Paddy Chayefsky - Television

Television

He moved into television with scripts for Danger, The Gulf Playhouse and Manhunt.

Philco Television Playhouse producer Fred Coe saw the Danger and Manhunt episodes and enlisted Chayefsky to adapt the story It Happened on the Brooklyn Subway about a photographer on a New York subway train who reunites a concentration camp survivor with his long-lost wife. Chayefsky's first script to be telecast was a 1949 adaptation of Budd Schulberg's What Makes Sammy Run? for Philco.

Since he had always wanted to use a synagogue as backdrop, he wrote Holiday Song, telecast in 1952 and also in 1954. He submitted more work to Philco, including Printer's Measure, The Bachelor Party (1953) and The Big Deal (1953). One of these teleplays, Mother (April 4, 1954), received a new production October 24, 1994 on Great Performances with Anne Bancroft in the title role. Curiously, original teleplays from the 1950s are almost never revived for new TV productions, so the 1994 production of Mother was a conspicuous rarity.

In 1953, Chayefsky wrote Marty, which was premiered on The Philco Television Playhouse, with Rod Steiger and Nancy Marchand. Marty is a poignant story of a decent, hard-working Bronx butcher, pining for the company of a woman in his life but despairing of ever finding true love in a relationship. Fate pairs him with a plain, shy schoolteacher named Clara whom he rescues from the embarrassment of being abandoned by her blind date in a local dance hall.

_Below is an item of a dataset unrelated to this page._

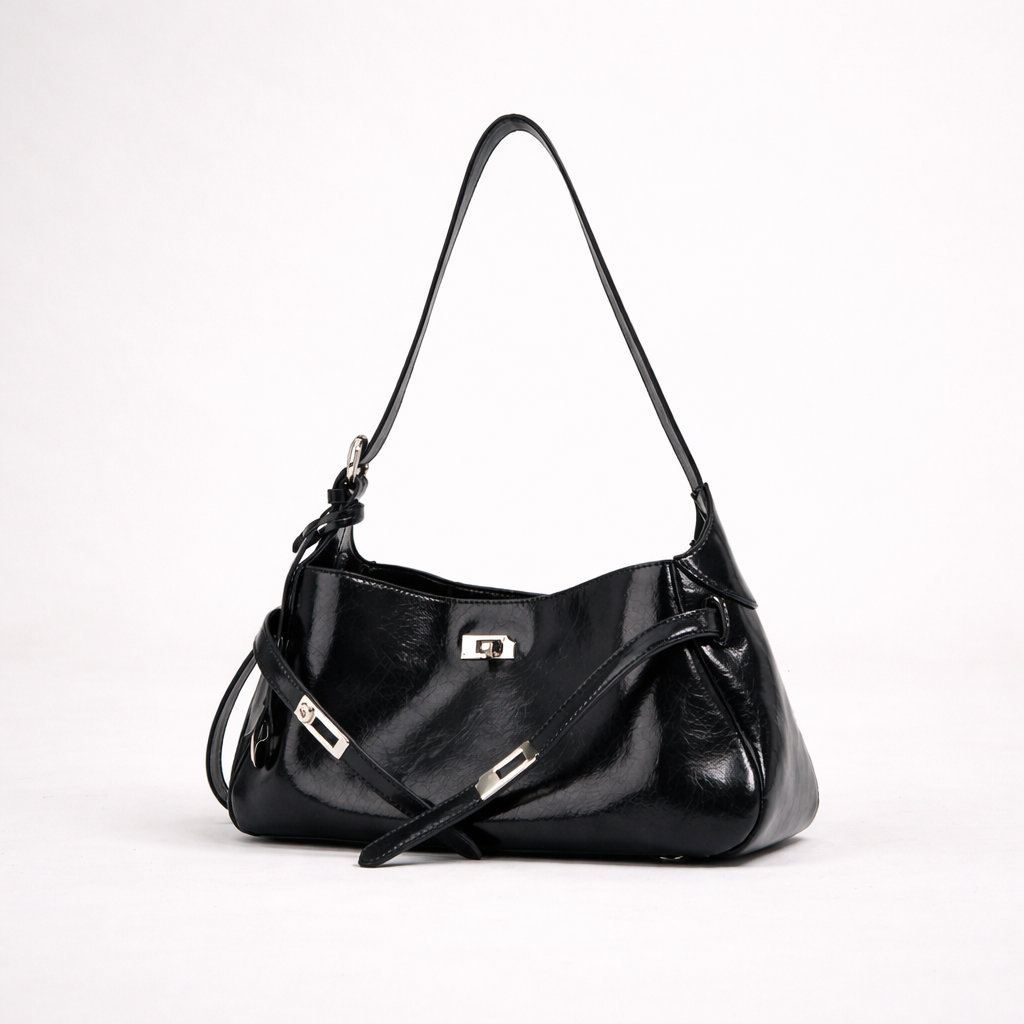 Soft-Form Hobo Shoulder Bag with Embossed Front Panel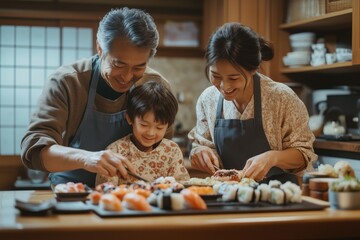 Family Sushi Making:  A heartwarming scene of a Japanese family preparing sushi together in their home kitchen, with a focus on the young child eagerly learning the art of sushi making.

The production, the actors and Chayefsky's naturalistic dialogue received much critical acclaim and influenced subsequent live television dramas. Chayefsky had a unique clause in his Marty contract that stated that only he could write the screenplay. Adapted into a 1955 film with Ernest Borgnine and Betsy Blair, it earned Academy Awards for Best Picture, Best Director (Delbert Mann) and Best Actor (Borgnine). Chayefsky won his first Best Screenplay Oscar for the movie.

Chayefsky's The Great American Hoax was broadcast May 15, 1957 during the second season of The 20th Century Fox Hour. This was actually a rewrite of his earlier Fox film, As Young as You Feel (1951) with Monty Woolley and Marilyn Monroe. The Great American Hoax was shown on the FX channel after Fox restored some The 20th Century Fox Hour episodes and telecast them under the new title Fox Hour of Stars beginning in 2002.